*** MATERIAL PROVIDED ***

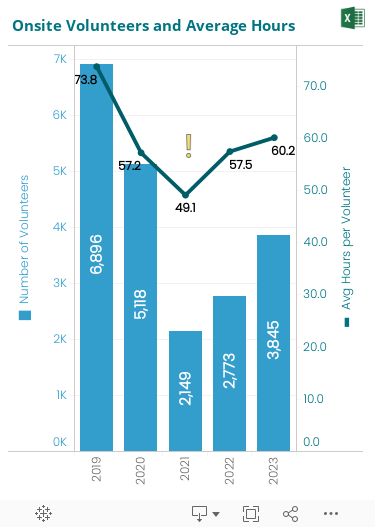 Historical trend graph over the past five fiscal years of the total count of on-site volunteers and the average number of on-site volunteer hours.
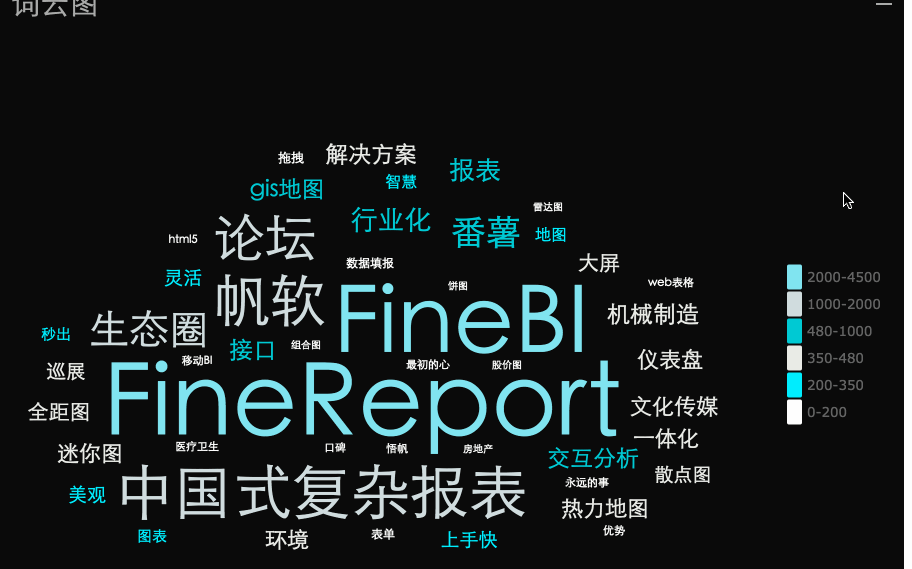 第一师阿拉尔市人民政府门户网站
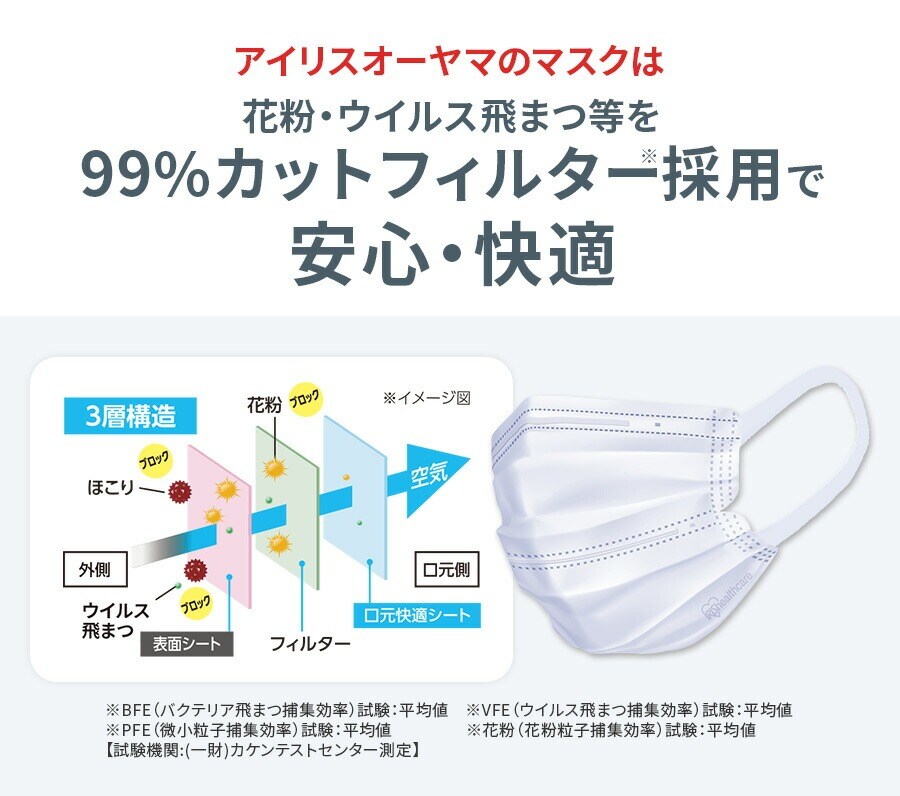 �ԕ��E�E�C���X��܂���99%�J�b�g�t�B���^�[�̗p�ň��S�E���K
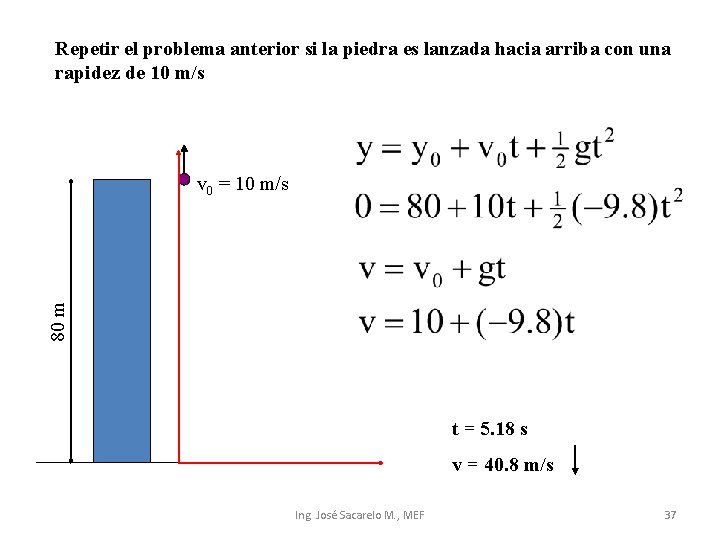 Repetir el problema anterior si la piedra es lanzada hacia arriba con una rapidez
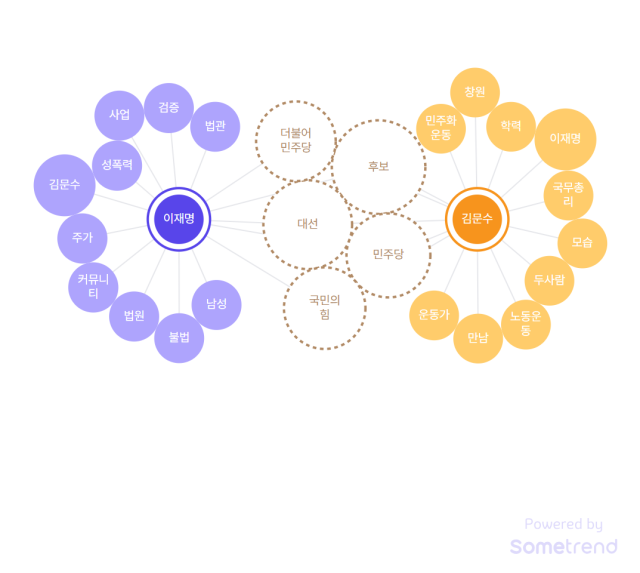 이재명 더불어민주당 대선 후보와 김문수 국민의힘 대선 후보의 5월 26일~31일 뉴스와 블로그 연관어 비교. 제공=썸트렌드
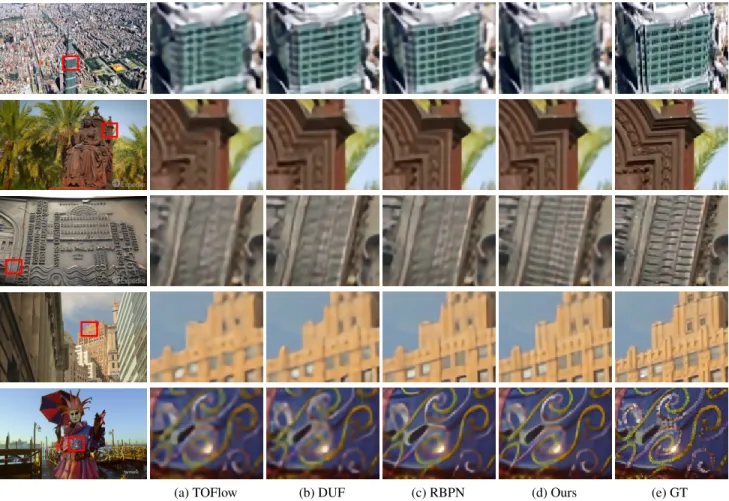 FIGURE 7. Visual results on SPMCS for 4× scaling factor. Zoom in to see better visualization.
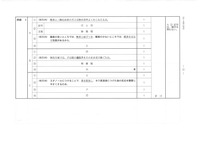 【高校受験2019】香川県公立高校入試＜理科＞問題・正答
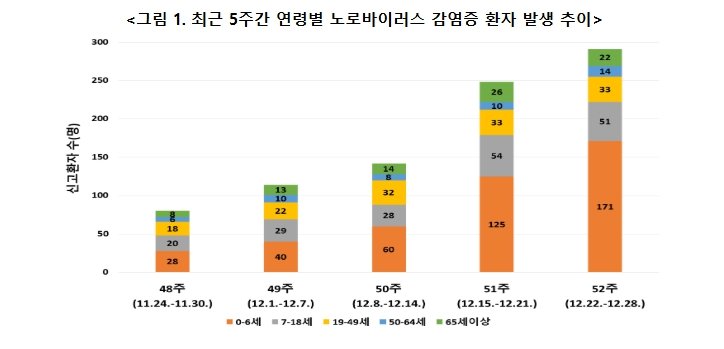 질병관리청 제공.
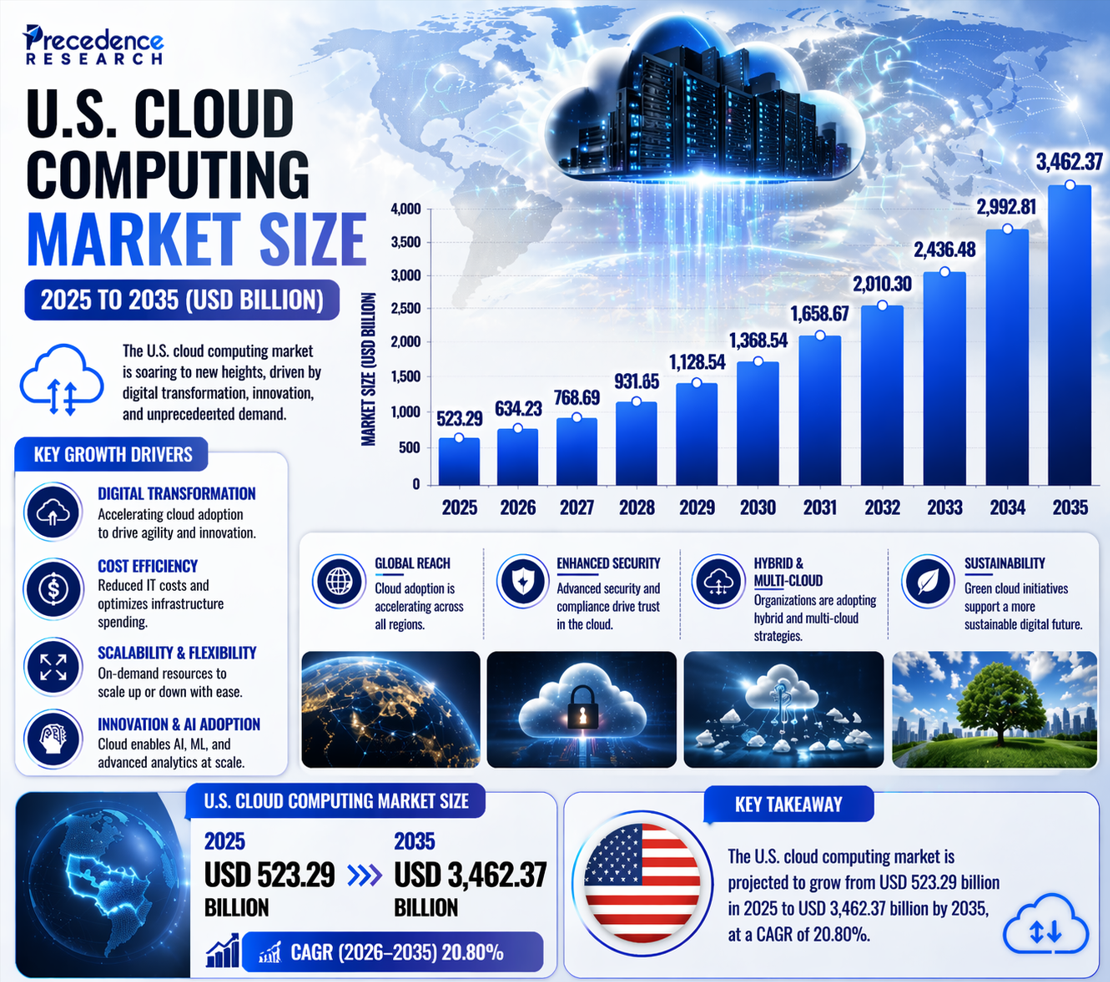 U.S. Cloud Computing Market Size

*** End of MATERIAL PROVIDED ***
*** MATERIAL PROVIDED ***

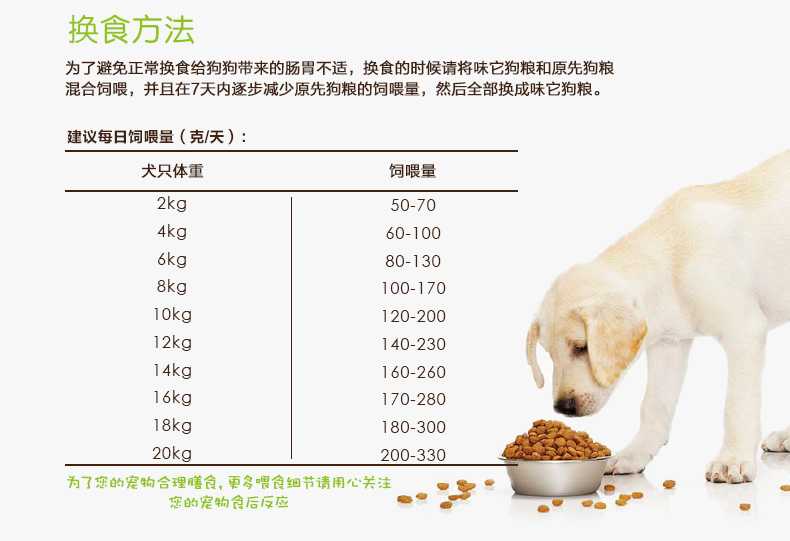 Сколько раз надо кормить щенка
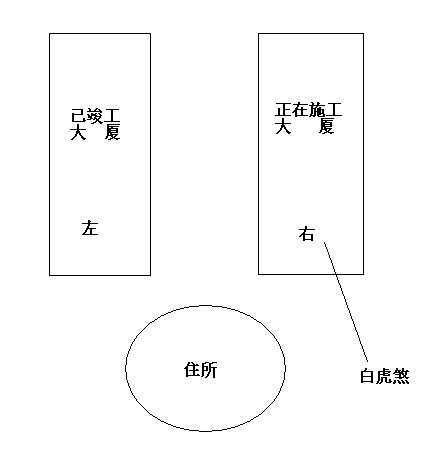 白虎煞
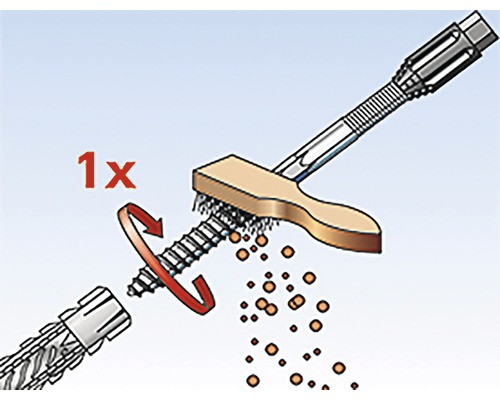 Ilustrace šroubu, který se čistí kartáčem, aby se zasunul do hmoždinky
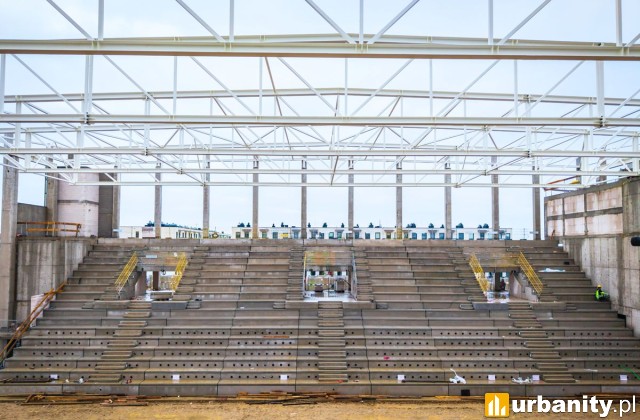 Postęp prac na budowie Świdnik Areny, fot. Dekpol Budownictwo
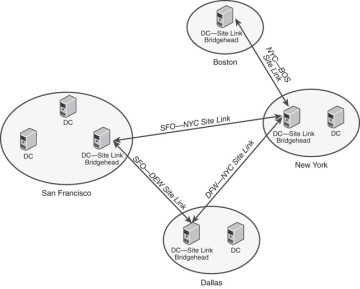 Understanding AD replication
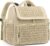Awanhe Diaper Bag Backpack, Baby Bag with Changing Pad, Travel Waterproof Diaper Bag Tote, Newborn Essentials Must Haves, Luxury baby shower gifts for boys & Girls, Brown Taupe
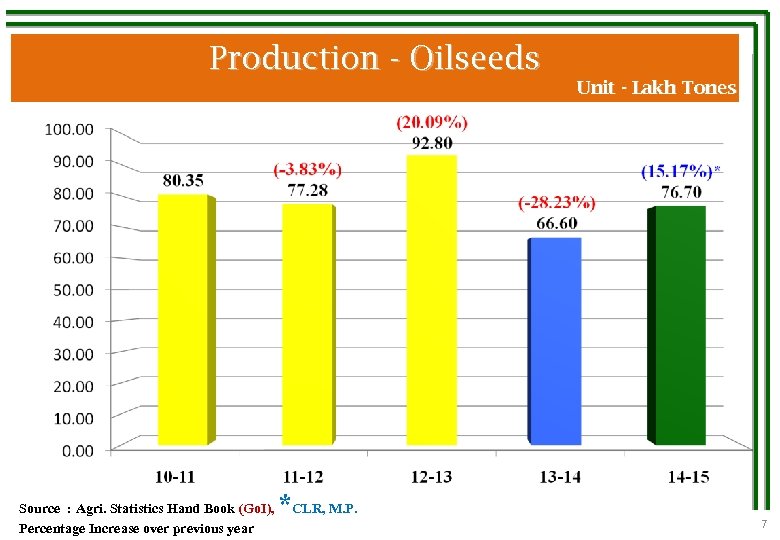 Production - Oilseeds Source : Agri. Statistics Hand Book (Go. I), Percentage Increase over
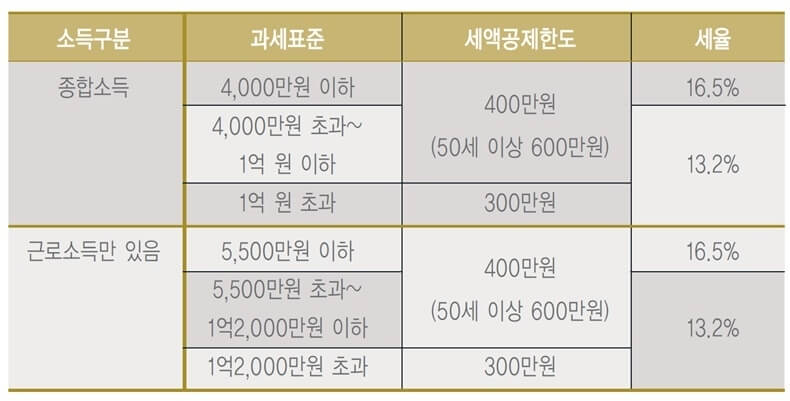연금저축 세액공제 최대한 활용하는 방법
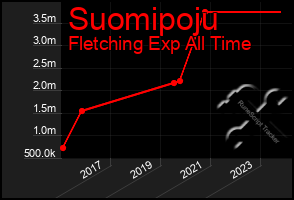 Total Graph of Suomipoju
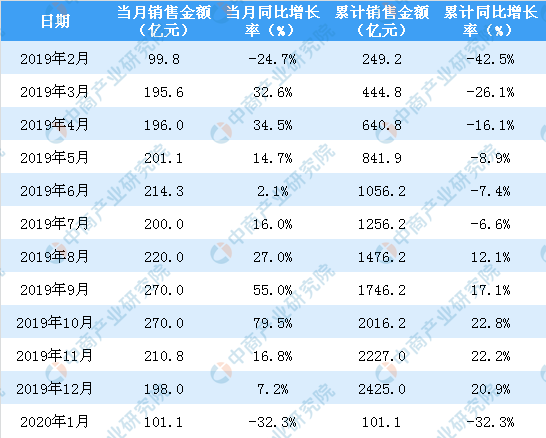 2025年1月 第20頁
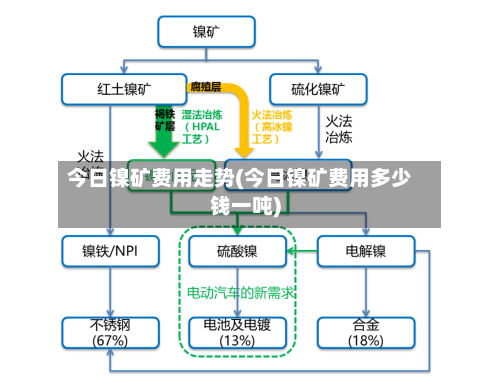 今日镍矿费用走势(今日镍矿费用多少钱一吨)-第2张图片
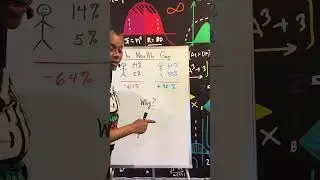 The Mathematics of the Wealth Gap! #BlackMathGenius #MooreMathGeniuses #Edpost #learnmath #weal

*** End of MATERIAL PROVIDED ***
*** MATERIAL PROVIDED ***

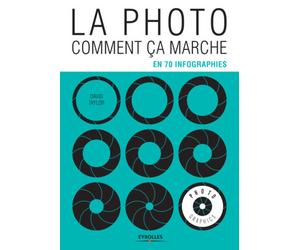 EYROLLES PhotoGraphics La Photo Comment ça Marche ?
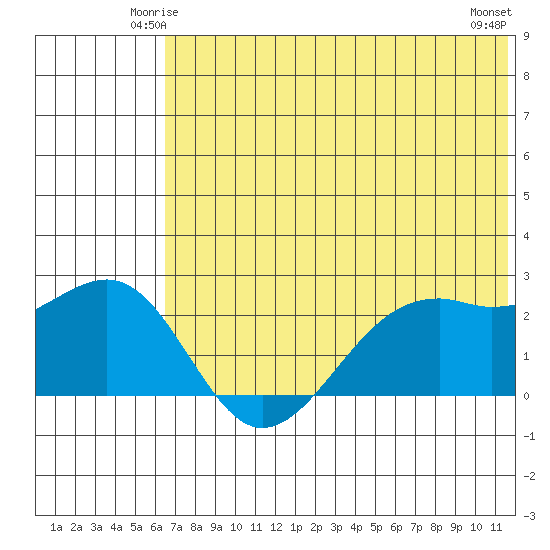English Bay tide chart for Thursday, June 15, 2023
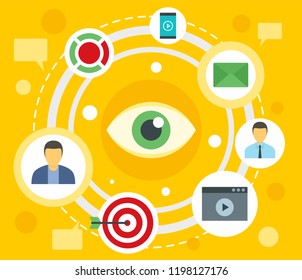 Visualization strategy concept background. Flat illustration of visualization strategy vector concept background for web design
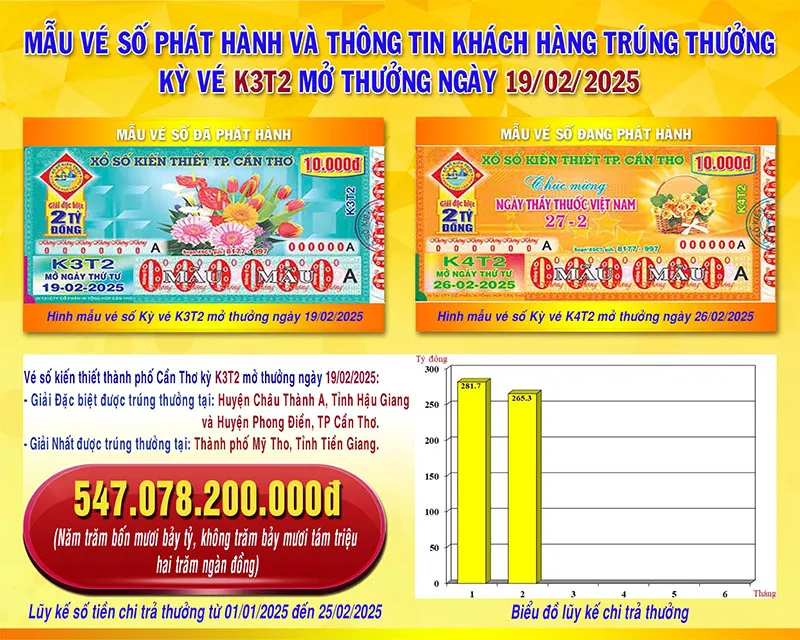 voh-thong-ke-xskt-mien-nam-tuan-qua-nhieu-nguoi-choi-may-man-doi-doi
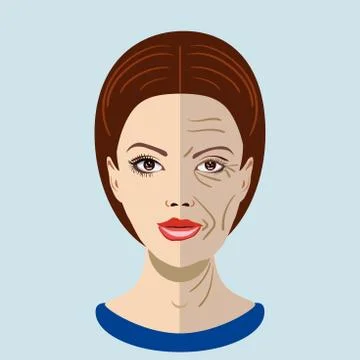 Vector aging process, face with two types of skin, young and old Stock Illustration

*** End of MATERIAL PROVIDED ***

> [ABOUT THIS EXERCISE]:
Beginning with the line above that contains "Сколько раз надо кормить щенка" and ending with the line that contains "The Mathematics of", quote each line exactly, keeping out the pictures.

> [ANSWER TO THIS EXERCISE]:
 Сколько раз надо кормить щенка
 白虎煞
 Ilustrace šroubu, který se čistí kartáčem, aby se zasunul do hmoždinky
 Postęp prac na budowie Świdnik Areny, fot. Dekpol Budownictwo
 Understanding AD replication
Awanhe Diaper Bag Backpack, Baby Bag with Changing Pad, Travel Waterproof Diaper Bag Tote, Newborn Essentials Must Haves, Luxury baby shower gifts for boys & Girls, Brown Taupe
 Production - Oilseeds Source : Agri. Statistics Hand Book (Go. I), Percentage Increase over
연금저축 세액공제 최대한 활용하는 방법
 Total Graph of Suomipoju
 2025年1月 第20頁
 今日镍矿费用走势(今日镍矿费用多少钱一吨)-第2张图片
 The Mathematics of the Wealth Gap! #BlackMathGenius #MooreMathGeniuses #Edpost #learnmath #weal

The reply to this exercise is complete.